I just read this post on the Publishing Frontier blog by Joe Esposito and I couldn't disagree with him more. His premise is that e-readers offer more of a "just-in-time" content model as opposed to the "just-in-case" model that applies to print books. He believes the latter causes us to buy a lot of books we don't need whereas the former will fix that "problem."
Joe, Joe, Joe... I'm probably not the only Kindle owner who's bought a few books and has yet to read them. That's right. They're just sitting there collecting digital dust on my e-reader. Why did I buy them? Because I know I want to read them and, in most cases, I thought I would have the time to start on them before now. I was wrong, but that's not going to stop me from buying my next Kindle edition.

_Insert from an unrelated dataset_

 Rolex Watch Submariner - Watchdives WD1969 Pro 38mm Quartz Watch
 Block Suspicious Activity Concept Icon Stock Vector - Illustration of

Actually, most Kindle owners report a concern about buying too many books, not too few. The darned one-click purchase option makes buying irresistible. I've tried backing off and only downloading free samples but that still hasn't caused me to buy less.
Then there's the pricing factor. Most Kindle editions are $9.99 or less. I think a lot of Kindle owners feel they need to justify the $350 device price by getting as many "deals" on the $9.99 books as possible.
I do believe the browsing and buying process will change considerably as e-readers grow in popularity though. One obvious example is how they'll help all of us purchase fewer duds. Thanks to Amazon's free sample option I've already avoided buying at least 4 or 5 books I thought I'd like; after reading the samples I changed my mind. That doesn't mean I bought 4 or 5 fewer books though! It just freed up those dollars for other titles.
So while e-readers most certainly won't cause fewer books to be sold, they'll definitely cause fewer bad books to be sold. That's a good thing though, right?